- AIM OF THE TASK
From the entries below, count the lines with "just". Write only the count.

- SOURCE DATA
----------
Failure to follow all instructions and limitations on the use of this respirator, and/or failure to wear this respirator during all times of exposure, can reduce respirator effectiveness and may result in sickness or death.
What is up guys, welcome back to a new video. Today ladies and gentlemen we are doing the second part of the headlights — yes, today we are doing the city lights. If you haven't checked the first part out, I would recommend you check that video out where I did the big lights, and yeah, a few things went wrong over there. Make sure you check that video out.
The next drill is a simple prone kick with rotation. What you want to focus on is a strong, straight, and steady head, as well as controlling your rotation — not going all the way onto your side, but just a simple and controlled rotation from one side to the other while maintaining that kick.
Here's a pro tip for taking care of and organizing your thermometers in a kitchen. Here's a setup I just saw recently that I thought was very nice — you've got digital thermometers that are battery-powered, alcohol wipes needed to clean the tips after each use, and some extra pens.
----------
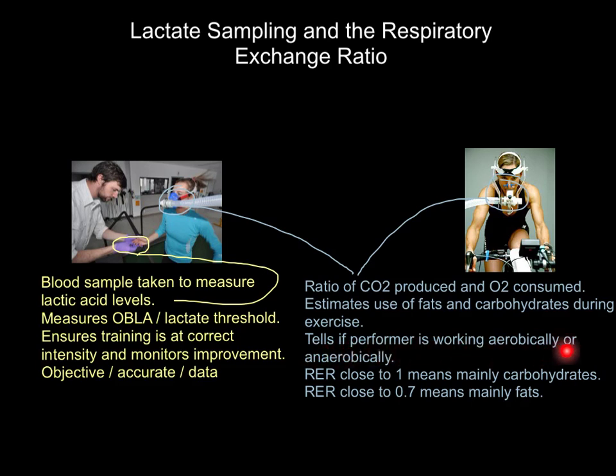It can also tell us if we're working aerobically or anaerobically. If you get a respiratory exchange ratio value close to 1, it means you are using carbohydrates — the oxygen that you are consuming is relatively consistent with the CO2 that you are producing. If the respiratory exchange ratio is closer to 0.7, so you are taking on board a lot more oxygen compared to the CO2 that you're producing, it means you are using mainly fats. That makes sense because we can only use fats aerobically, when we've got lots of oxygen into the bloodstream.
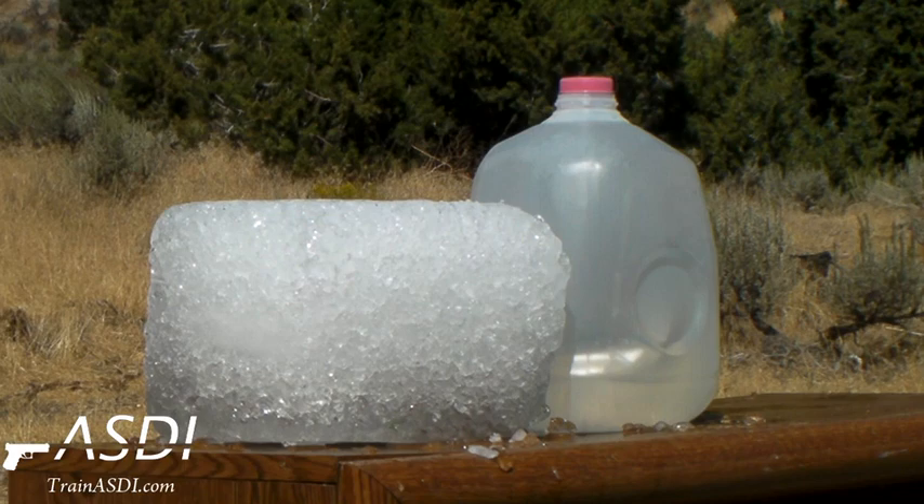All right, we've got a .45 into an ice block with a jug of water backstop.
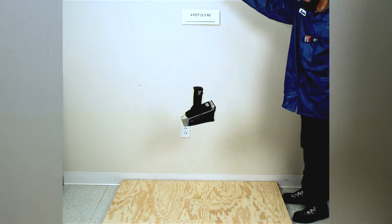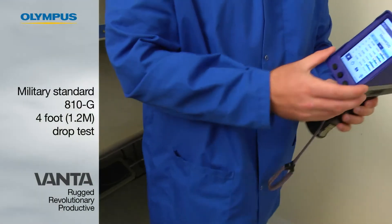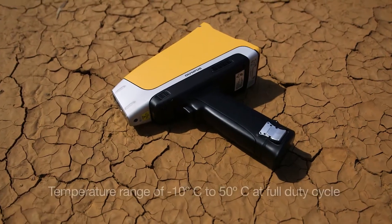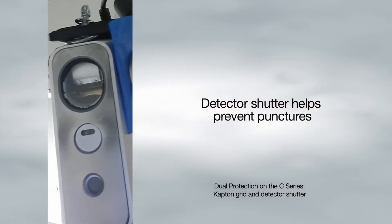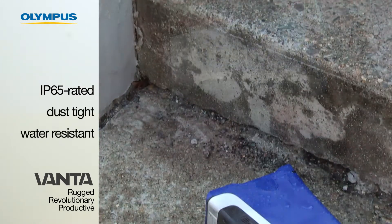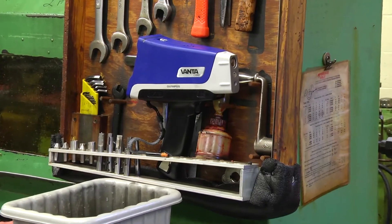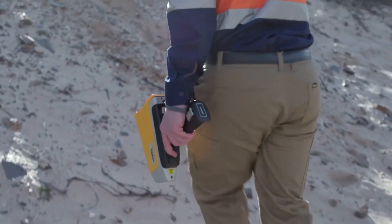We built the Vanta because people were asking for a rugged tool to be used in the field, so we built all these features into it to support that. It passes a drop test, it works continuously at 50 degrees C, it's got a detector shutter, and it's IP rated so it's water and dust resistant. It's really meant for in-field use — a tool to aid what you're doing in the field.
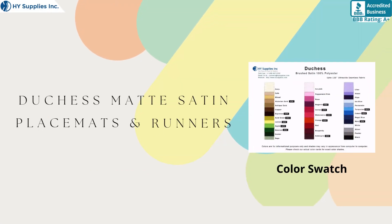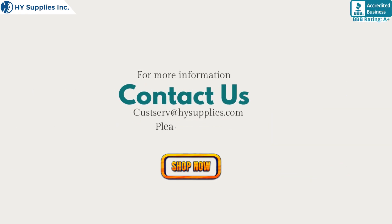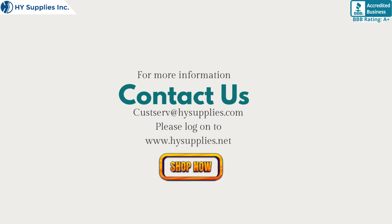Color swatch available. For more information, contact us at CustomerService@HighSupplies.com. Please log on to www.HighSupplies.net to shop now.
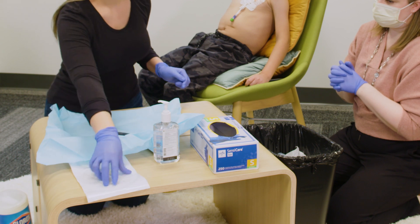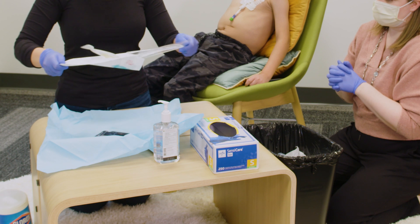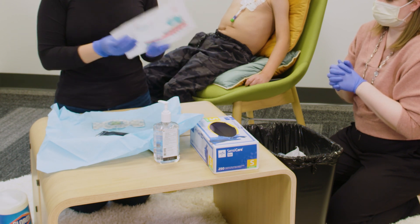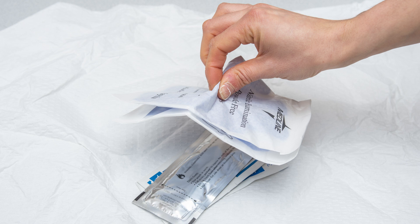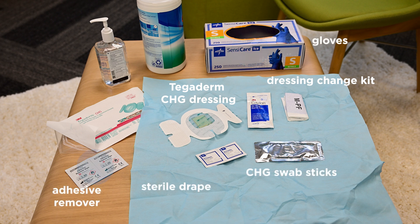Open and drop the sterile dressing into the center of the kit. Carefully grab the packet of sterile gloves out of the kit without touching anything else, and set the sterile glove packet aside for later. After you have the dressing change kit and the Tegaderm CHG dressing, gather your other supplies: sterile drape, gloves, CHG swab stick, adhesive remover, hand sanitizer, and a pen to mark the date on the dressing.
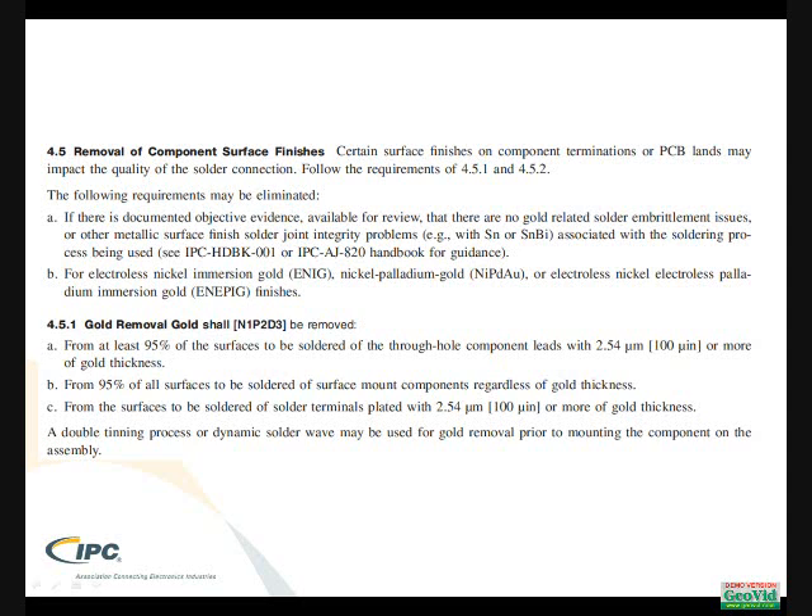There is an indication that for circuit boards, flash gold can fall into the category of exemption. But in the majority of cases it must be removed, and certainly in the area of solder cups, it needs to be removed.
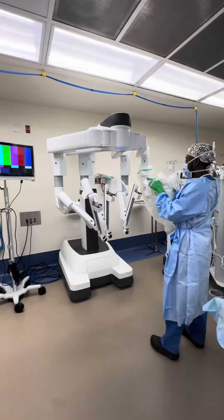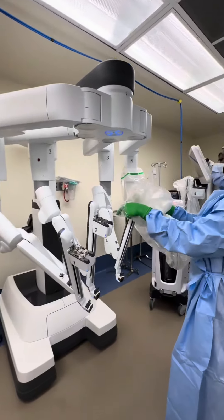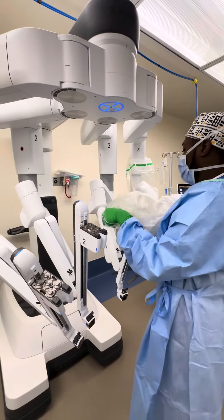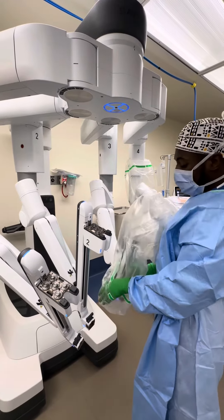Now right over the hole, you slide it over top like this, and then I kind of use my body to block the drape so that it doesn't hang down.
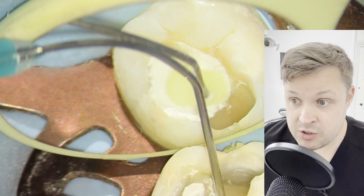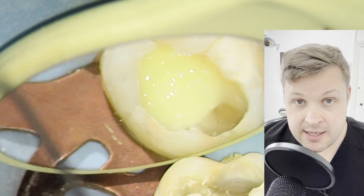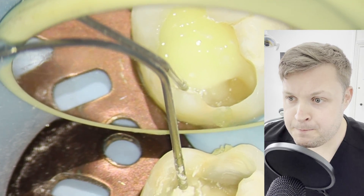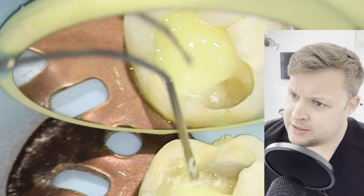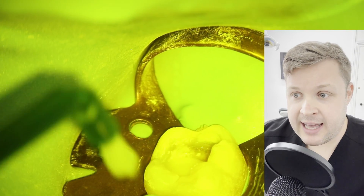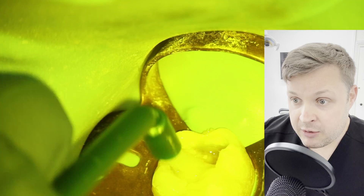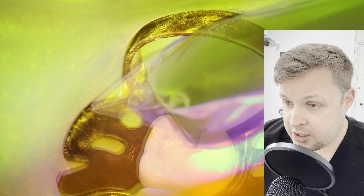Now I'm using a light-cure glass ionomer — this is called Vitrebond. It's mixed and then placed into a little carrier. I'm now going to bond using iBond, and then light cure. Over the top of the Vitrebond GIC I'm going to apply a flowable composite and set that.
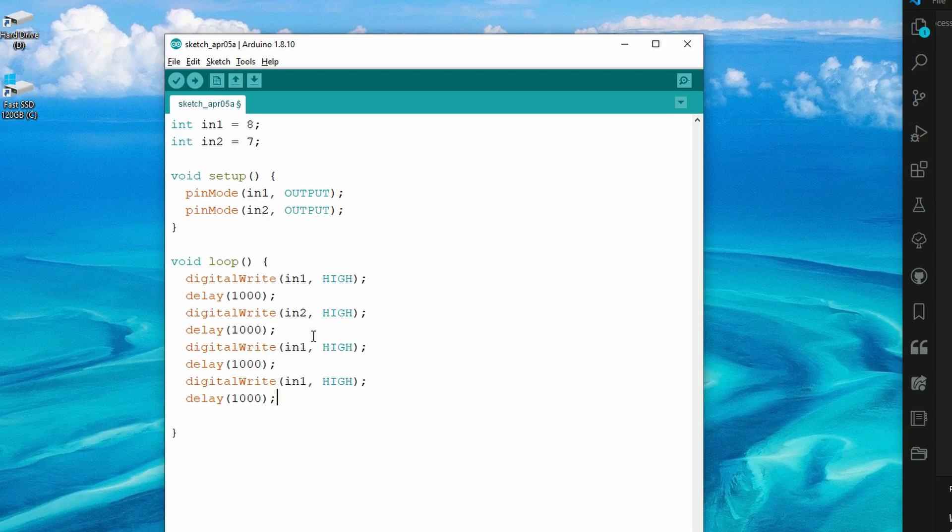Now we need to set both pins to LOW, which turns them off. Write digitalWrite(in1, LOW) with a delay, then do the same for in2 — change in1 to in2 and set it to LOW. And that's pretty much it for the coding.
----------
- FINAL ANSWER
2